Chief of Staff to the Governor of Alaska
- In office 2002–2006
- Governor: Frank Murkowski

Personal details
- Born: 1943 (age 82–83) New York, U.S.
- Party: Republican
- Education: Johns Hopkins University (BA) Cornell University (JD) George Washington University (LLM)

= Jim Clark (Alaska official) =

James Clark (born 1943 in New York) served as chief of staff to the governor of Alaska during the administration of former Alaska Governor Frank Murkowski.

== Early life ==
Jim Clark was born in New York in 1943 to Air Force Colonel James and Marie Clark. As a child he lived in Anchorage, Alaska - but his family was evacuated during the Korean War. He also lived in Japan and Hawaii during his childhood. Clark received his BA degree in History, Literature and Philosophy from Johns Hopkins University in Baltimore 1965, his Juris Doctor degree from Cornell Law School in Ithaca, New York in 1968 and his LLM degree in environmental law from George Washington University in Washington, D.C. in 1973.

== JAG Corp ==
Between 1969 and 1973 he served in the JAG Corps of the U.S. Army where he litigated criminal matters in special and general courts martial. He served as chief of military justice in Da Nang, Vietnam from 1971 to 1972. He also was a staff lawyer on the Peers' Commission, which investigated the My Lai case.

== Legal work ==
From 1973 to 2002 he worked as an attorney at Robertson, Monagle & Eastaugh Law Firm, a firm he eventually led. For his tireless efforts to keep the capitol in Juneau, the Juneau Chamber of Commerce named him person of the year in 1982. He represented the timber industry in Southeast Alaska and has also been an advocate for public radio and the arts.

== Chief of Staff ==
In 2001, he was named the head of Governor Frank Murkowski's transition team and in 2002, he was appointed chief of staff by Governor Frank Murkowski. Although reluctant to leave the practice of law, which he loved, he said, "I am a strong believer in public service, and it is my turn to serve my State of Alaska, which has given so much back to me and my family." As chief of staff he directed the preparation of the state budget; oversaw the preparation of legislation; negotiated the budget and legislation with the Legislature; worked with the Governor and departmental commissioners to formulate policy.

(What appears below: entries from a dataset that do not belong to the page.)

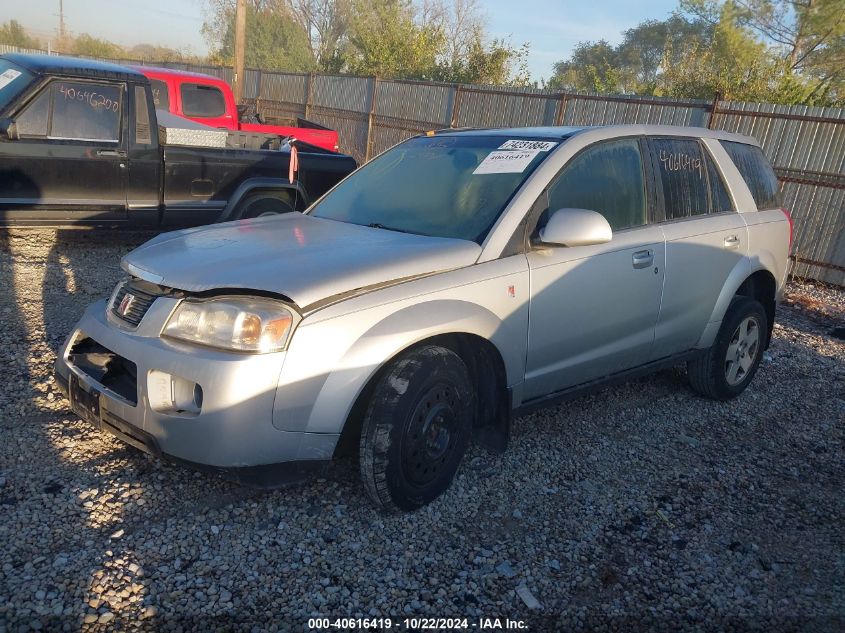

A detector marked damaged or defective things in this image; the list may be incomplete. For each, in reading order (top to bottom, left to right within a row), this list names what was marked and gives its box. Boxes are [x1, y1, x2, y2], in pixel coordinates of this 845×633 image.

broken front grille [109, 278, 159, 326]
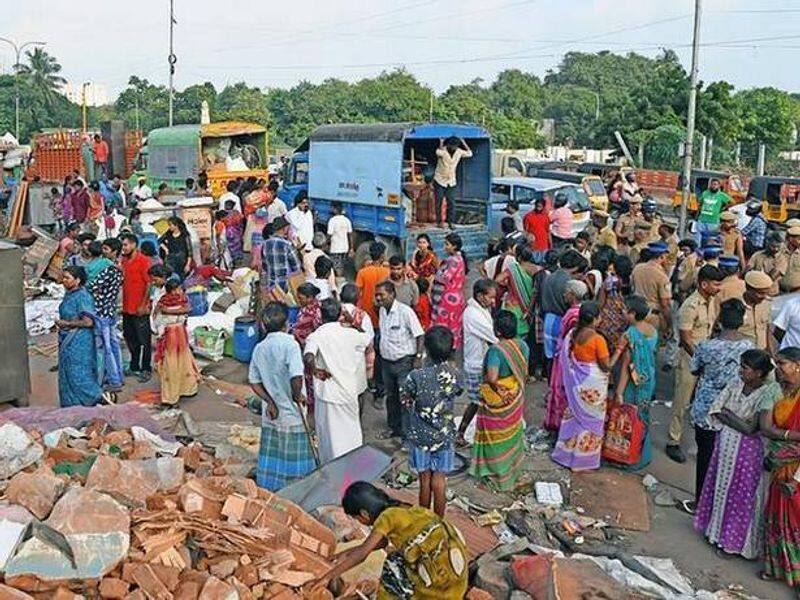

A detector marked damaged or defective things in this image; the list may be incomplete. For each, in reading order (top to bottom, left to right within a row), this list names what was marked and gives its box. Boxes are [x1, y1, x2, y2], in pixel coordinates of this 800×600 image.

broken concrete slab [0, 424, 43, 480]
broken concrete slab [5, 466, 65, 516]
broken concrete slab [85, 454, 159, 506]
broken concrete slab [568, 472, 648, 532]
broken concrete slab [5, 488, 130, 580]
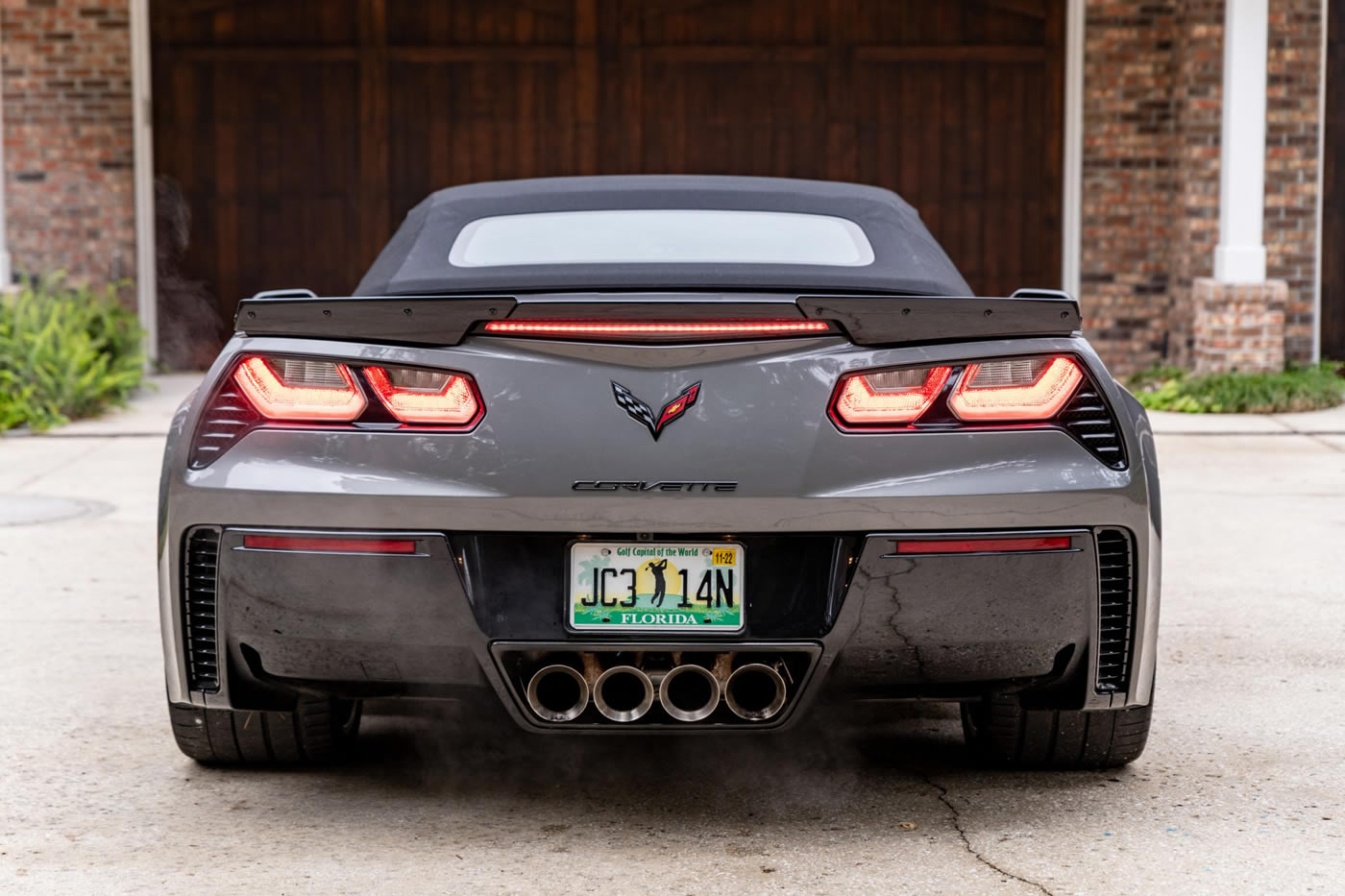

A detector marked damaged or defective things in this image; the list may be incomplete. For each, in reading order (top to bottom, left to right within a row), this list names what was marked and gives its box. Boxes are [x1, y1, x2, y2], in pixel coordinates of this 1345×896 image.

crack in concrete [919, 769, 1054, 893]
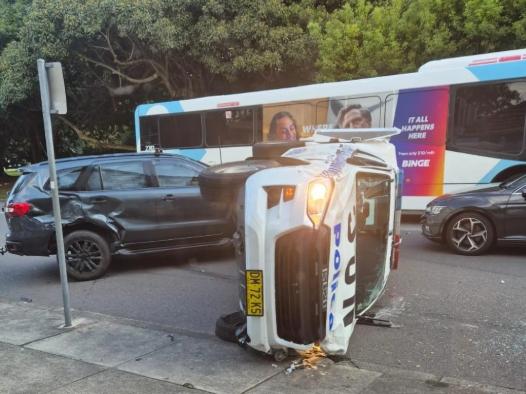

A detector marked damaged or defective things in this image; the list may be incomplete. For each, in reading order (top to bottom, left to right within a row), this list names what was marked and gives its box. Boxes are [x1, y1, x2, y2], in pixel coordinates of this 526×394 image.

He also managed the governor's cabinet and served as the state's chief gas pipeline negotiator successfully negotiating a draft contract between the governor and the North Slope producers to construct a gas pipeline. During that time he was often referred to as "the most powerful unelected official in Alaska," although he always rejected the sentiment as he said his job was simply to carry out the will of Governor Murkowski. He said that he was not acting on his own agenda.

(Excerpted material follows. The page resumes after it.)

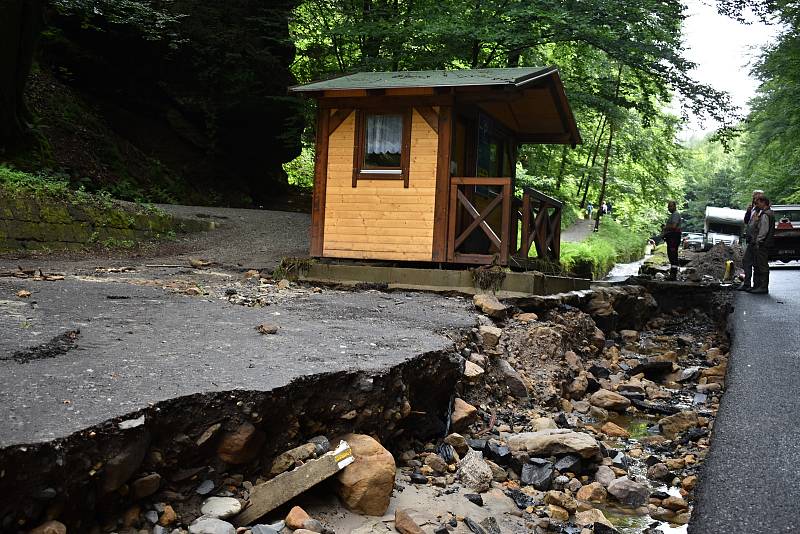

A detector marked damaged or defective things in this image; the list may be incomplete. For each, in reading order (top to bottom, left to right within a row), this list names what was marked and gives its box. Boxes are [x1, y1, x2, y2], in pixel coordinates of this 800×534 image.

cracked asphalt [0, 209, 476, 448]
cracked asphalt [688, 264, 800, 534]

== Polar Pen charges dropped ==
In 2008, Clark admitted that he was aware that VECO Corporation had paid $10,000 for a political poll to gauge the popularity of then-incumbent Governor Murkowski, and was charged with honest services fraud. However, the statute was so vague that it gave prosecutors "almost carte blanche power" to use in political and private situations which "should not be criminalized." Shortly thereafter, the U.S. Supreme Court ruled that the honest services fraud statute was drafted with unconstitutional vagueness and could only cover "fraudulent schemes to deprive another of honest services through bribes or kickbacks supplied by a third party who ha[s] not been deceived." Since Clark's awareness of the poll constituted neither bribes or kickbacks, all charges against him were voided.

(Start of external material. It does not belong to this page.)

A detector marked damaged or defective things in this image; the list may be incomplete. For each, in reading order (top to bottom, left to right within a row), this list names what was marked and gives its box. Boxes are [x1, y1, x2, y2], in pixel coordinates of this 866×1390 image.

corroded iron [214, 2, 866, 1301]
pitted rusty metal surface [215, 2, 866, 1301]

Moreover, due to misdeeds on behalf of the federal prosecutors in their "Polar Pen" operation, the prosecutors themselves were later investigated and found guilty of gross prosecutorial misconduct in the Ted Stevens case.

== Current activities ==
Clark is working as an attorney in Juneau. According to the Alaska Dispatch, he volunteers and spends time with his grandchildren.